*ACTIVITY*: In the entries below, the lines from the one with "te koop berging Carballo Bergantiños 4" through the one with "Lindener, 26, fatally" are to be copied exactly; both ends count.

*SOURCE DATA*:
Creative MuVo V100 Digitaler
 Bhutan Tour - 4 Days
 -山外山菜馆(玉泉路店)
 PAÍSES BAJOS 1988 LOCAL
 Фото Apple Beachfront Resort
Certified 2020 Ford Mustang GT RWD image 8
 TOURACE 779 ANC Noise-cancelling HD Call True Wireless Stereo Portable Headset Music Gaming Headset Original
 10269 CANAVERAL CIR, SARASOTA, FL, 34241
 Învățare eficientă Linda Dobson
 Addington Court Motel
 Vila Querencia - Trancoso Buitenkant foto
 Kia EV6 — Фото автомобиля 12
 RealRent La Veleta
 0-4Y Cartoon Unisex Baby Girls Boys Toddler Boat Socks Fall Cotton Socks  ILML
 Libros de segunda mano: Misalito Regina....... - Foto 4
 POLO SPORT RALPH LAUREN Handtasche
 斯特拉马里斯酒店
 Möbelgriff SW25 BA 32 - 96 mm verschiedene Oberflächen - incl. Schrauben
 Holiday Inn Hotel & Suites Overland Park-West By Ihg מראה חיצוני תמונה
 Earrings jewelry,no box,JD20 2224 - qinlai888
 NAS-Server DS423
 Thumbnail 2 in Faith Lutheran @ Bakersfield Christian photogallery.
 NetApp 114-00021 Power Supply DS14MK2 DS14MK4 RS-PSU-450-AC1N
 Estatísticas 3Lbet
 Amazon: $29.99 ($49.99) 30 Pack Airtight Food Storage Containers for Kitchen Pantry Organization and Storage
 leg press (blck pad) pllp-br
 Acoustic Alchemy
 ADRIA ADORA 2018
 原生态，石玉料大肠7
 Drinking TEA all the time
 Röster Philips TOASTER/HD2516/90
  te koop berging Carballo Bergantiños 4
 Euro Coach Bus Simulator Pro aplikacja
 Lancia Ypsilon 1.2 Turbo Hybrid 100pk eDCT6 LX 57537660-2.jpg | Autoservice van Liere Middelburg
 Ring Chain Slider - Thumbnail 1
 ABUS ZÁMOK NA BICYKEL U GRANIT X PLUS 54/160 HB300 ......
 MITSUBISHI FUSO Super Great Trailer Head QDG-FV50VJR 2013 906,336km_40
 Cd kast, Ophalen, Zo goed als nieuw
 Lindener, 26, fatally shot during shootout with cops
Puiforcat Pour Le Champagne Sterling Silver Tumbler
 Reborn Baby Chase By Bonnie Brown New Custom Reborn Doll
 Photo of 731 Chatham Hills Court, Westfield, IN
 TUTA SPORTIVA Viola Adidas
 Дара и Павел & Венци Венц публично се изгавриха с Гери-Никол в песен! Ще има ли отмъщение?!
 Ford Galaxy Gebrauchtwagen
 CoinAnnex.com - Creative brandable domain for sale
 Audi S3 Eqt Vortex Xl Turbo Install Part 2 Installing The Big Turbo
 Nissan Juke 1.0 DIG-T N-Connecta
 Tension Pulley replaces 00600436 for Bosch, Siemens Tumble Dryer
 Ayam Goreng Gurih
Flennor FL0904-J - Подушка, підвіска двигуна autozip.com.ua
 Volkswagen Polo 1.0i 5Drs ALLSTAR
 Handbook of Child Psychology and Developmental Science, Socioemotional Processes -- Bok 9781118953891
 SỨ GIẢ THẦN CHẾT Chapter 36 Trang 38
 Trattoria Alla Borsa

*ANSWER FOR THE TASK*:
  te koop berging Carballo Bergantiños 4
 Euro Coach Bus Simulator Pro aplikacja
 Lancia Ypsilon 1.2 Turbo Hybrid 100pk eDCT6 LX 57537660-2.jpg | Autoservice van Liere Middelburg
 Ring Chain Slider - Thumbnail 1
 ABUS ZÁMOK NA BICYKEL U GRANIT X PLUS 54/160 HB300 ......
 MITSUBISHI FUSO Super Great Trailer Head QDG-FV50VJR 2013 906,336km_40
 Cd kast, Ophalen, Zo goed als nieuw
 Lindener, 26, fatally shot during shootout with cops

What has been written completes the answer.